Children involved in any type of family case – whether to remove them into care or disputes about child arrangements following relationship breakdowns– will be able to have their views heard when decisions are made that will affect them.
The changes announced are designed to make it easier for children and young people to communicate their views in court proceedings. The options include meetings, letters or pictures or by way of a third person in addition to their CAFCASS (Children and Families Court Advisory and Support Service) officer or social worker. Simon Hughes also announced the government’s support for out of court dispute resolution services, such as family mediation, to be more child inclusive and went on to say:
“For too long, children and young people have struggled to have their voices heard during the family court process. Although they are often at the centre of proceedings, the views of children and how they feel are often not heard, with other people making vital decisions for them.” “I’ve been really impressed with Family Justice Young People’s Board (FJYPB) and the arguments which its members put forward. This is why I have taken steps to make sure that children and young people from the age of 10 will be able to express their views in cases which affect them. Young people are some of the most vulnerable in society, and it is vitally important that we make sure they are at the heart of the family justice system.”
Last year there were 90,000 children involved in new cases in the family courts. There is currently provision in the law relating to children for the wishes and feelings of the children to be taken into consideration when a decision is to be made about them. This is only one factor to be taken into account and it is a matter for the Court, in light of the age and maturity of the child, what weight should be placed upon those wishes and feelings.
The government believes that the voices of children and young people should be heard when decisions are made that affect them and, under the new proposals, all young people aged 10 and above will have a greater opportunity to have their voice heard.
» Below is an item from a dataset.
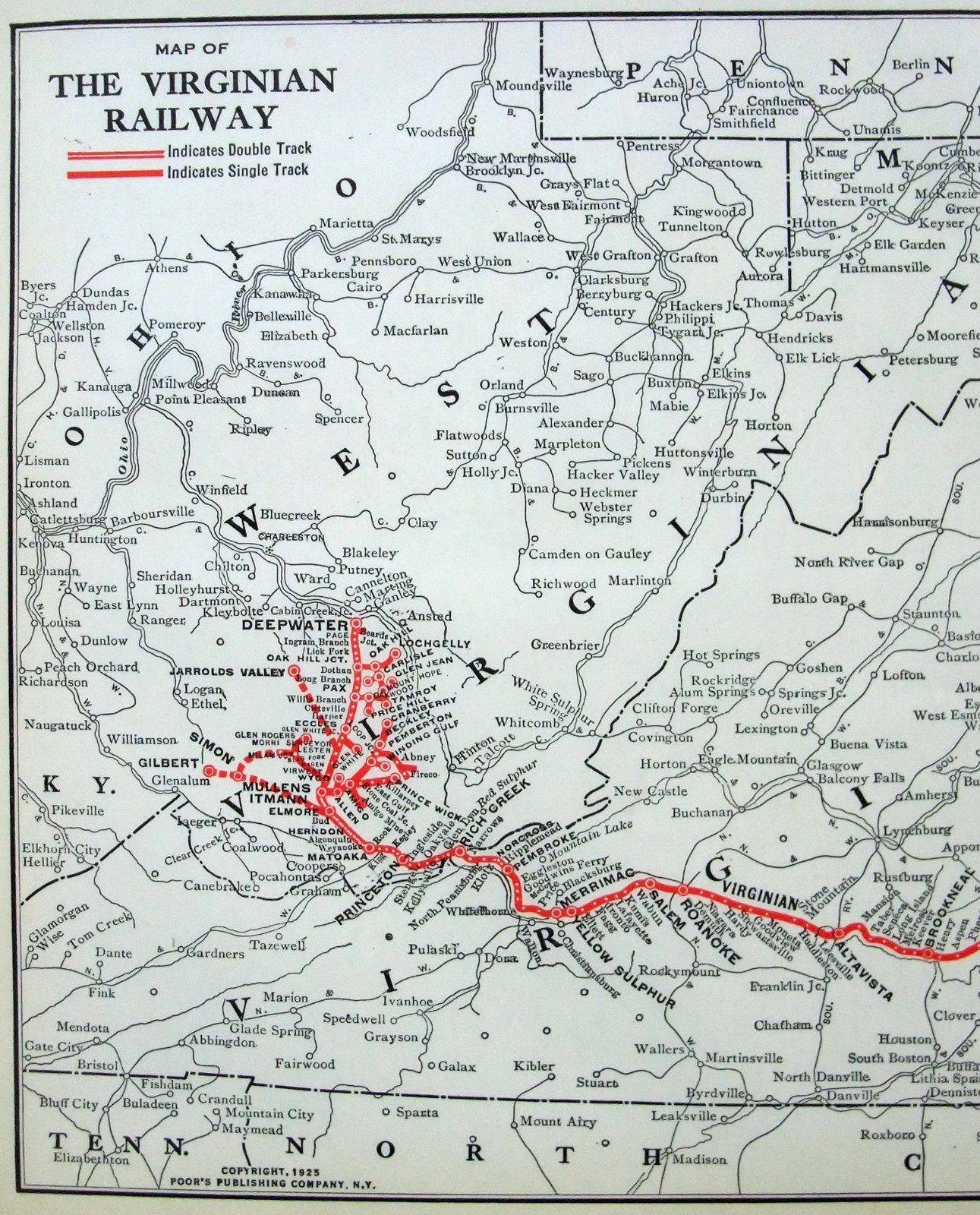 Virginian Railway – Original 1925 System Map by Poor’s Publishing Company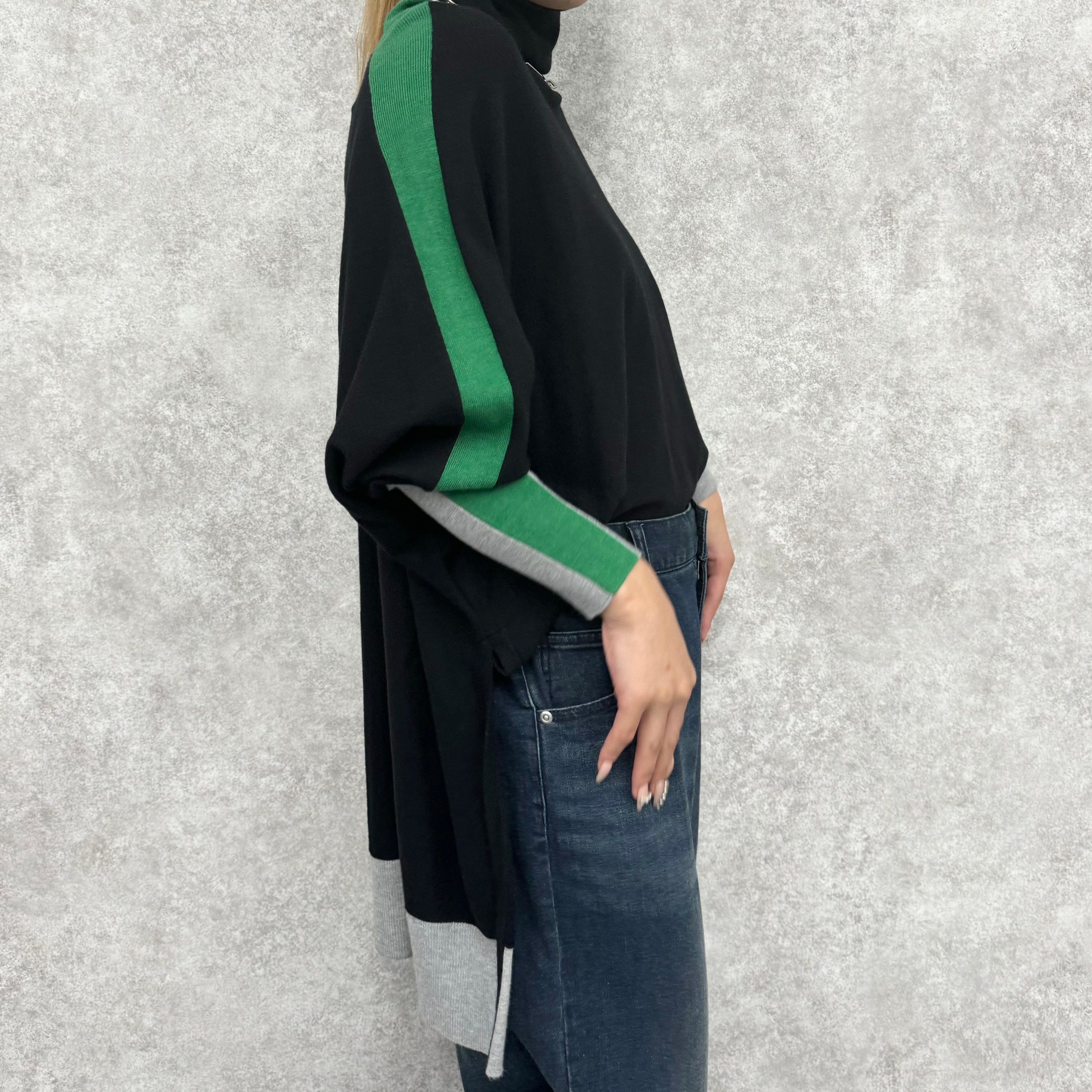 【PRIORITY】ニットラインプルオーバー  クロ  38サイズ ※ ※10月上旬より順次発送予定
Bethany Shepherd – aged 19 years, is a member of the FJYPB and has been through the family justice system. She said, “In my case, I had to wait 4 years before my voice was heard and I was considered to be too young to know my own mind or listened to individually and simply just lumped together with my younger sister. This is far too long and meant that I spent much of my childhood fighting just to have my voice heard. The work being done currently on the voice of the child is really encouraging to see and is definitely a step in the right direction for family justice.”
A range of initiatives will help make communication easier, including facilities for children and young people to communicate with a judge by way of letters or pictures. CAFCASS are also working on various resources such as a ‘Court Gaming App’ (which will help explain the court system to a young person) as well as welcome packs and paper-based guides. The plans announced on 19th February, are expected to complement reforms to guidance on judges seeing children which are presently being considered by a judge-led working group set up by the President of the Family Division, Sir James Munby.